• Work request:
Using the entries below, copy exactly each line from the line with "Welcome back to another" up to and including the line with "We're reviewing students'", with every picture left out.

• Given data:
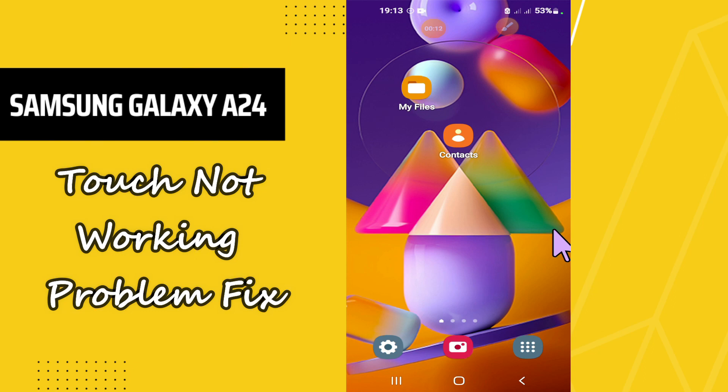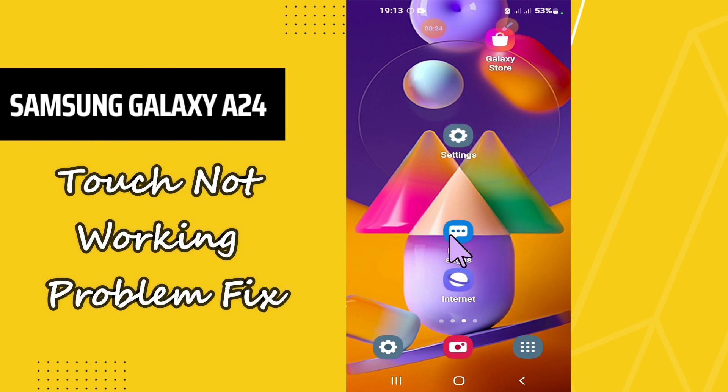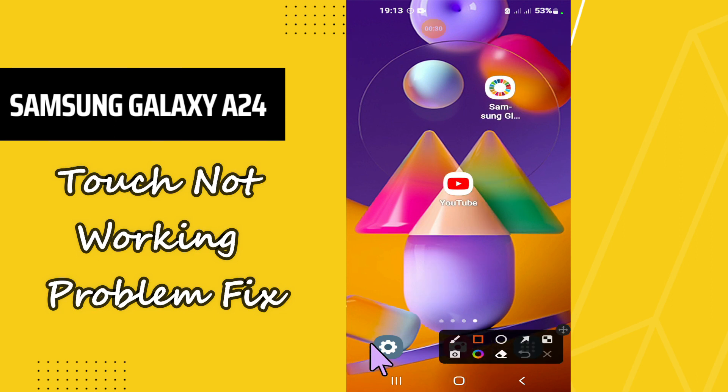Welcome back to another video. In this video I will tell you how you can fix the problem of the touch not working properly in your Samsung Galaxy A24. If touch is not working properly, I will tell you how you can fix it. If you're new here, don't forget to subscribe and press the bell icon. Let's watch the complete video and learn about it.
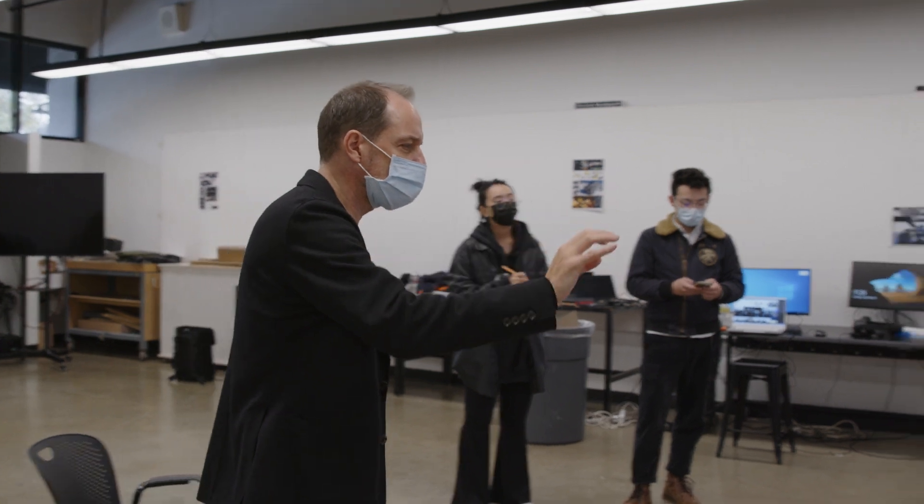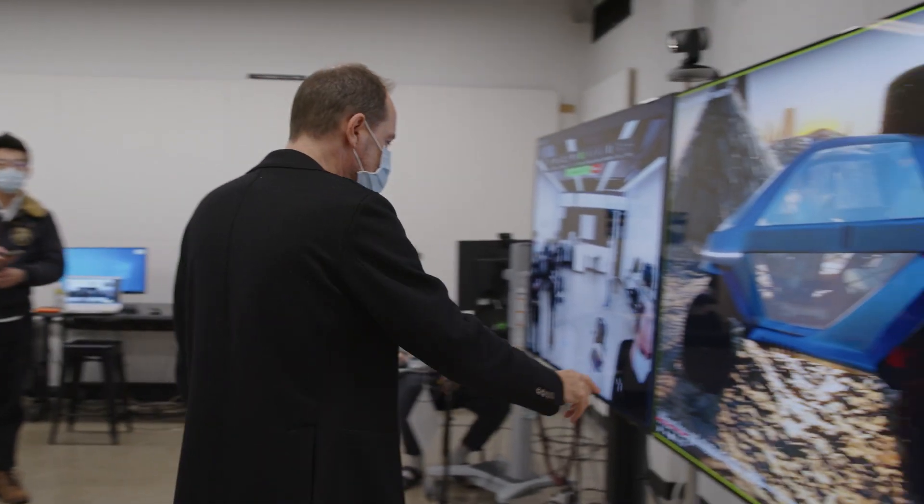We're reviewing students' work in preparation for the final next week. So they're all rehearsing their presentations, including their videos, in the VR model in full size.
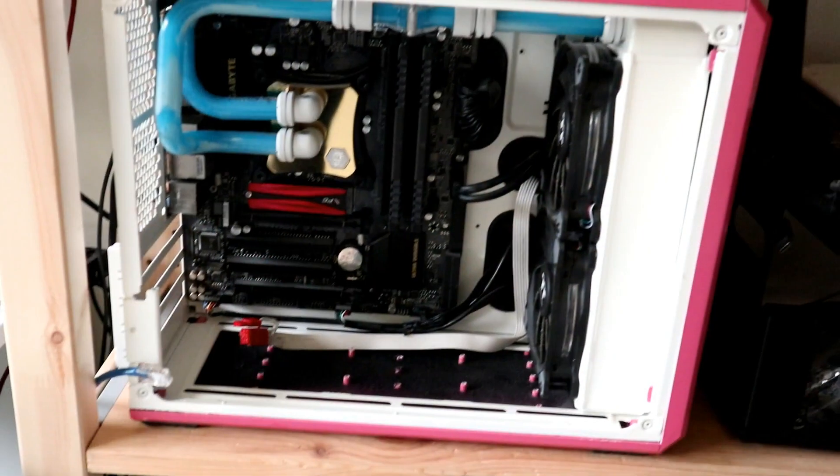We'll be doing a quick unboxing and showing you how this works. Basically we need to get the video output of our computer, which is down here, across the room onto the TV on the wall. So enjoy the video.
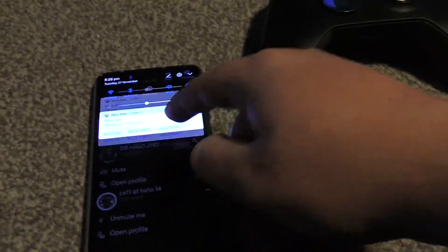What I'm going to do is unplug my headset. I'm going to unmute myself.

==

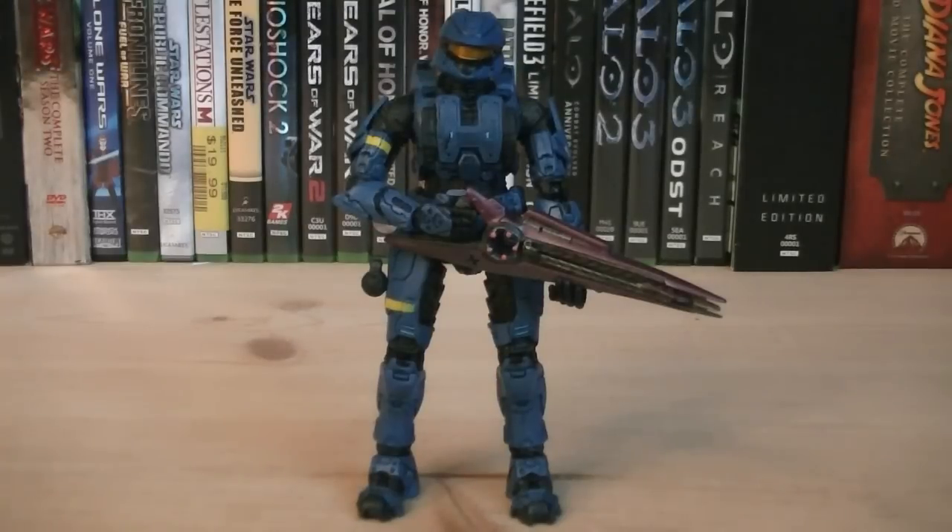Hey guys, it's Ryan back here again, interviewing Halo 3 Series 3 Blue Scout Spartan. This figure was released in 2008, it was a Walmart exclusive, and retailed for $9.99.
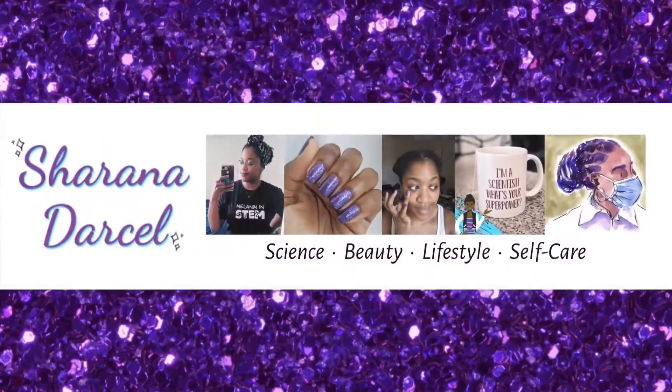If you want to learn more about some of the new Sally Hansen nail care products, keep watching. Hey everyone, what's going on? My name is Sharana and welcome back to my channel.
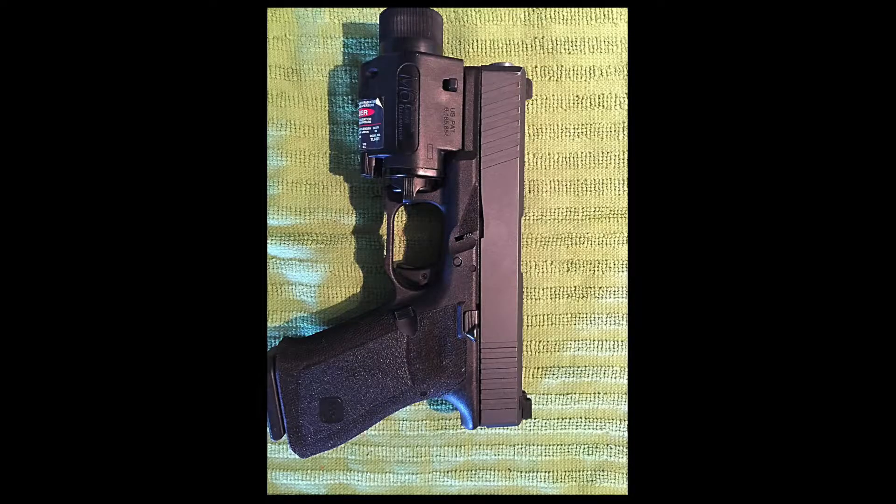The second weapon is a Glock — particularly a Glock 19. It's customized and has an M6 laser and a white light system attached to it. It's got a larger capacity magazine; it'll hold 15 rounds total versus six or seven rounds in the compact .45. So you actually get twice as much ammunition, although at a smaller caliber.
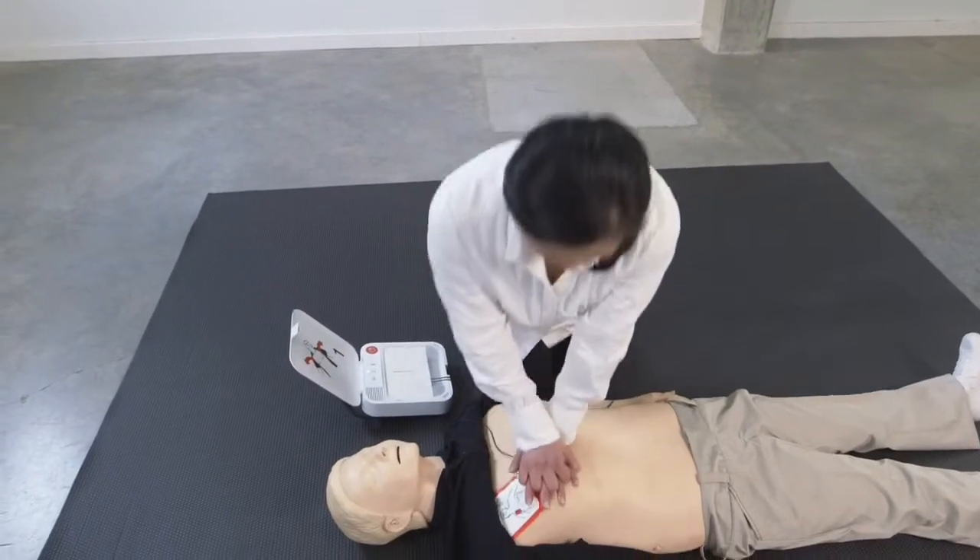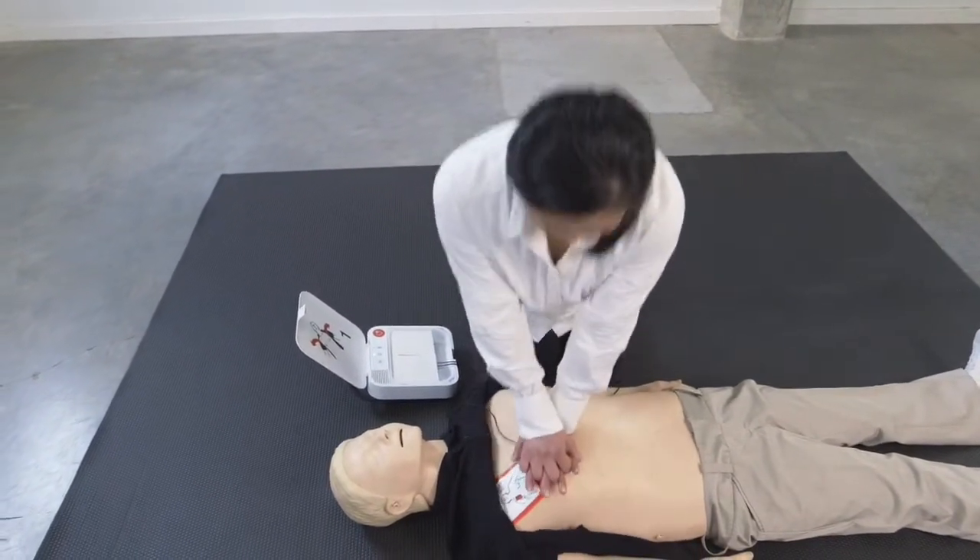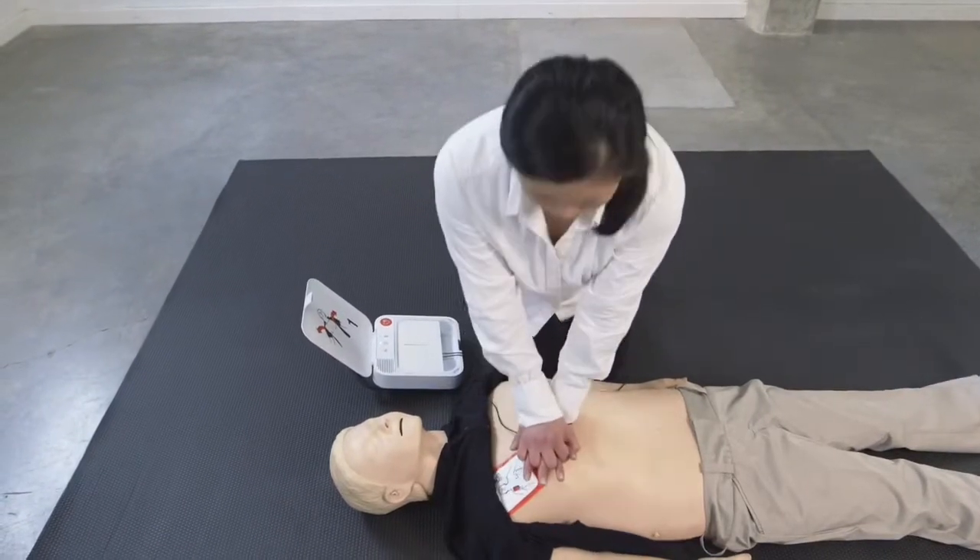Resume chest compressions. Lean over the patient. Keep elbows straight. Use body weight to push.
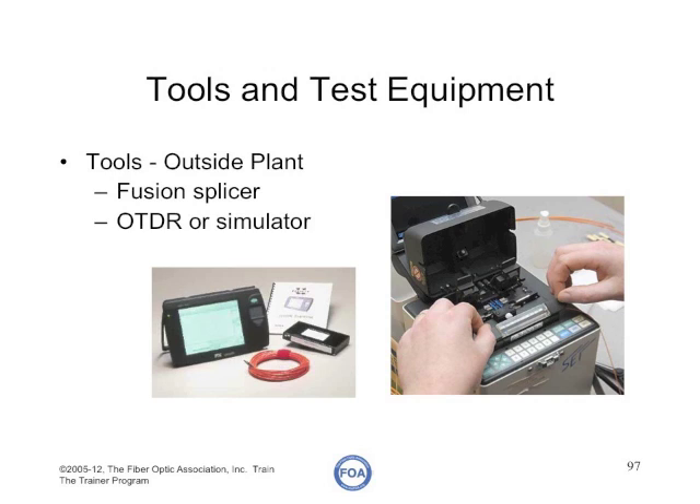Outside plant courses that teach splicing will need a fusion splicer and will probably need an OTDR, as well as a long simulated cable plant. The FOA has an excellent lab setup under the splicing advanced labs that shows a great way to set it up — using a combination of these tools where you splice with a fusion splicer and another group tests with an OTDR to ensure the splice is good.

==

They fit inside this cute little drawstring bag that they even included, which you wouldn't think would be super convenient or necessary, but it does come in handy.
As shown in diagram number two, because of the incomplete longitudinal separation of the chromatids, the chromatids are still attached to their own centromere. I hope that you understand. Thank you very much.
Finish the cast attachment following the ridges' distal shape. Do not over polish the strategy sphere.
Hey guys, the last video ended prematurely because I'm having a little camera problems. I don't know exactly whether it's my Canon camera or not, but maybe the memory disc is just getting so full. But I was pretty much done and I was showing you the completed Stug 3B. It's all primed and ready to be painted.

• Exercise result:
Welcome back to another video. In this video I will tell you how you can fix the problem of the touch not working properly in your Samsung Galaxy A24. If touch is not working properly, I will tell you how you can fix it. If you're new here, don't forget to subscribe and press the bell icon. Let's watch the complete video and learn about it.
We're reviewing students' work in preparation for the final next week. So they're all rehearsing their presentations, including their videos, in the VR model in full size.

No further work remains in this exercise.